- **About this exercise**:
The records must be duplicated exactly, with every picture left out.

- **Listed entries**:
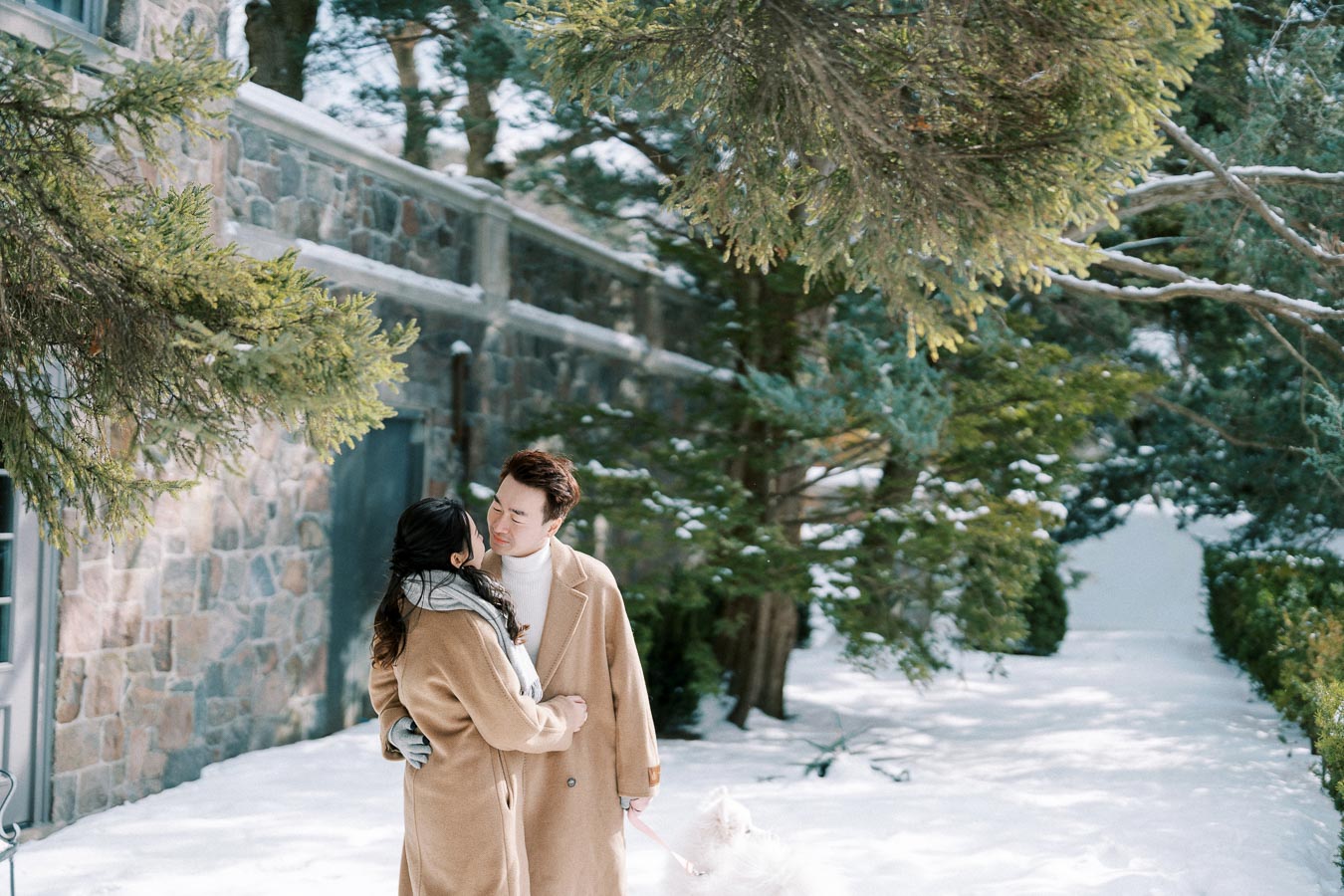 A couple embracing next to a stone building in a snowy forest setting, both wearing camel-colored coats and a scarf, with a fluffy white dog on a leash by their side.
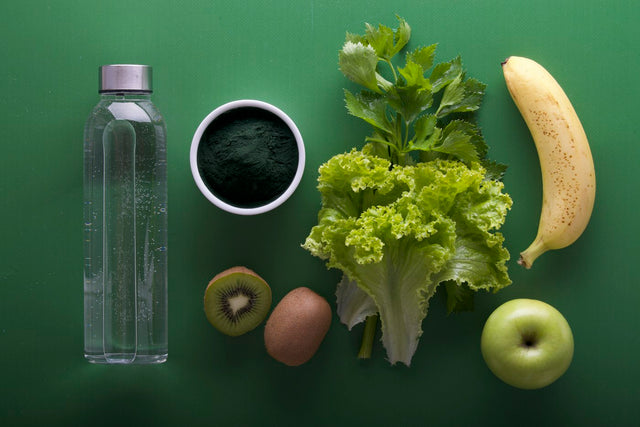 Healthy foods and wellness supplements arranged on a green background
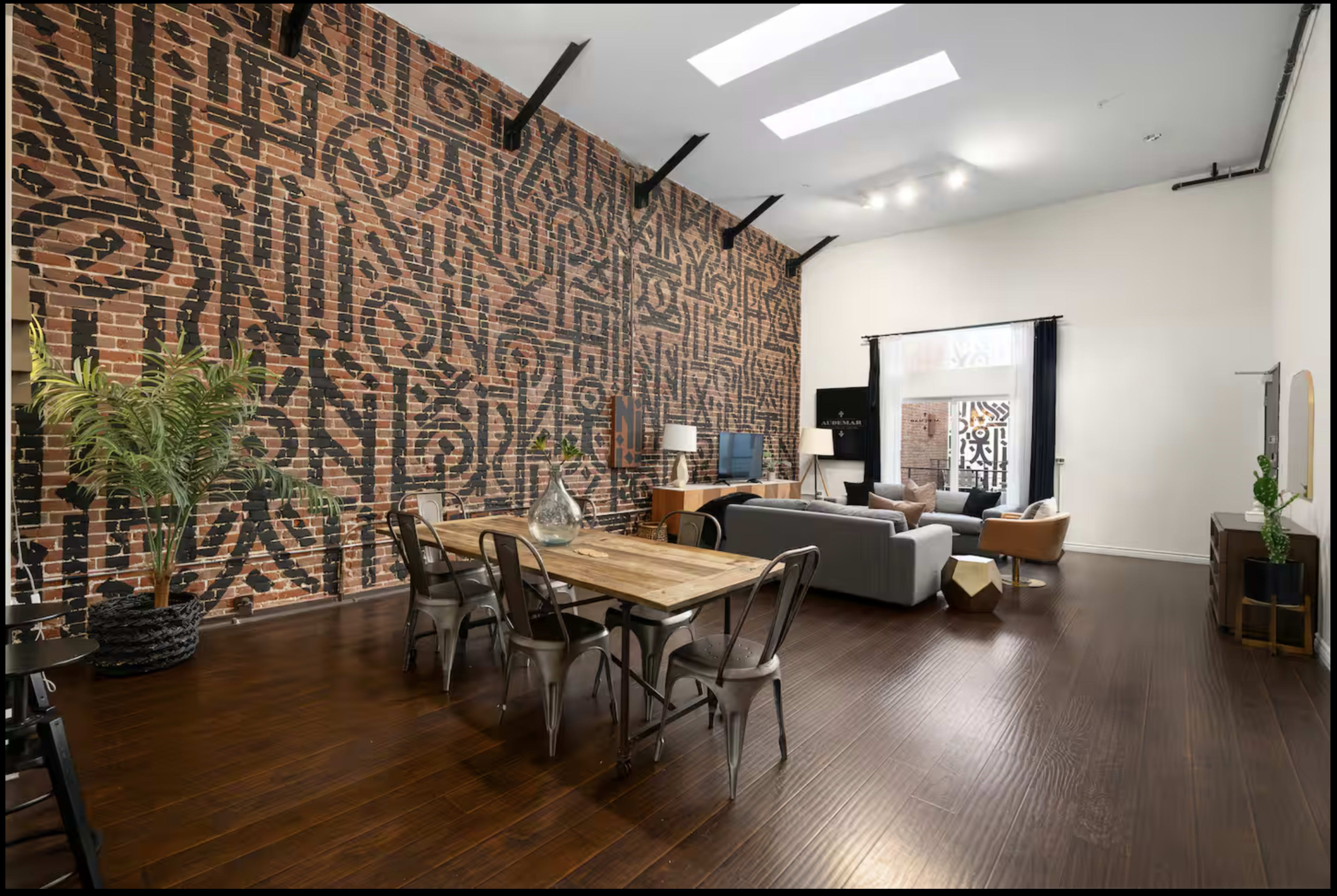 The image shows a spacious living area featuring a brick wall with abstract designs, a wooden dining table, a sofa, and large windows allowing natural light to enter.
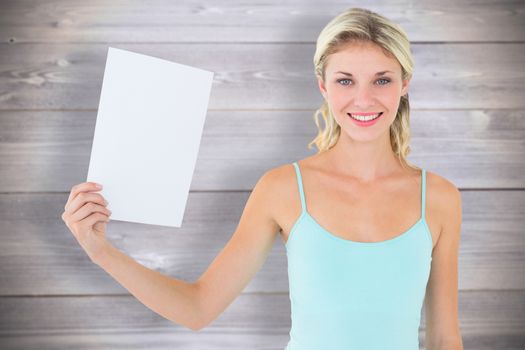 Happy blonde holding a sheet of paper against wooden planks background
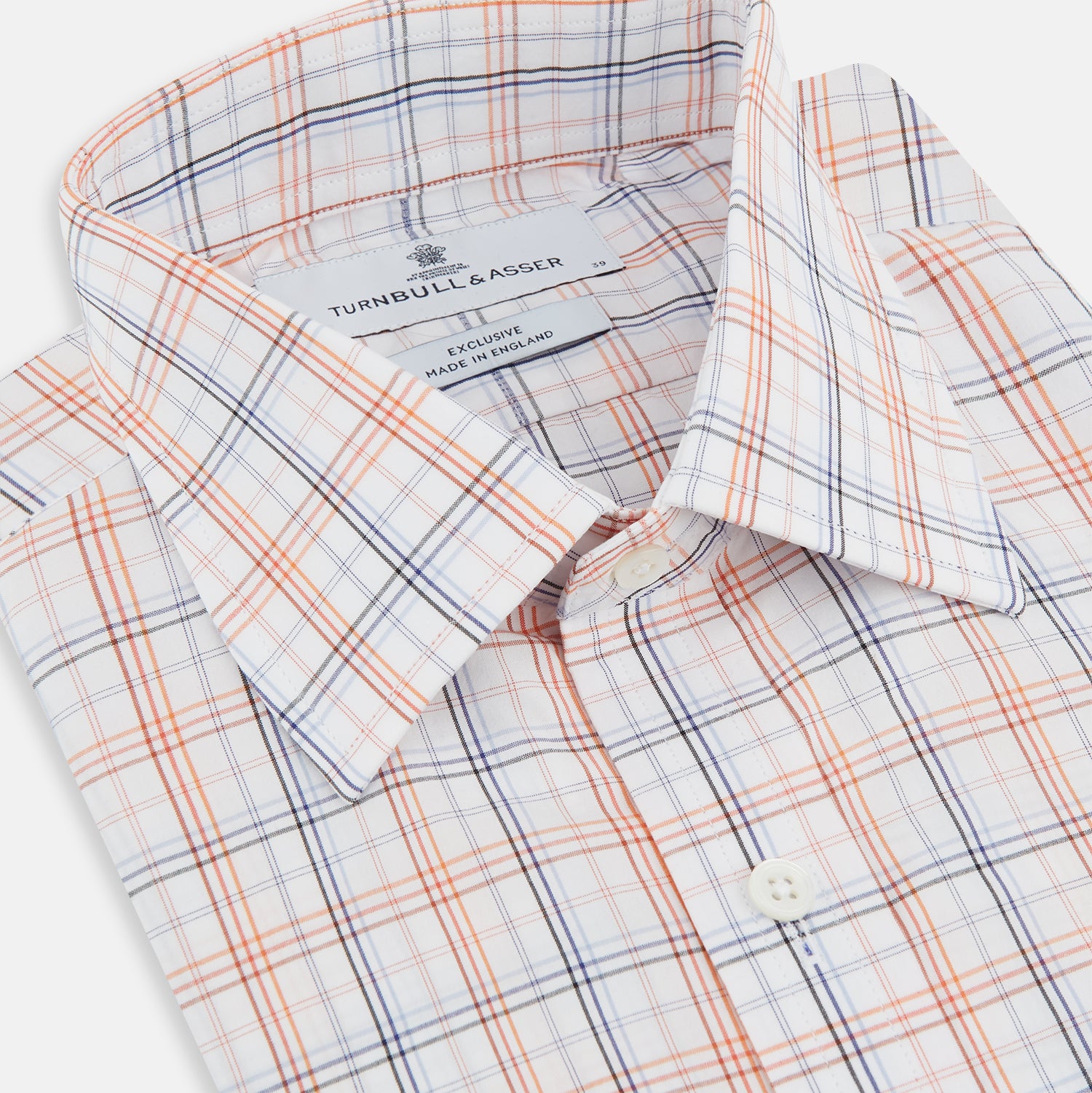 View 2 of product The Orange and Blue Multi Check Mayfair Shirt by Turnbull & Asser is an organic cotton summer staple, featuring long sleeves and a light blue, orange, and white plaid pattern.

- **Answer for this exercise**:
 A couple embracing next to a stone building in a snowy forest setting, both wearing camel-colored coats and a scarf, with a fluffy white dog on a leash by their side.
 Healthy foods and wellness supplements arranged on a green background
 The image shows a spacious living area featuring a brick wall with abstract designs, a wooden dining table, a sofa, and large windows allowing natural light to enter.
 Happy blonde holding a sheet of paper against wooden planks background
 View 2 of product The Orange and Blue Multi Check Mayfair Shirt by Turnbull & Asser is an organic cotton summer staple, featuring long sleeves and a light blue, orange, and white plaid pattern.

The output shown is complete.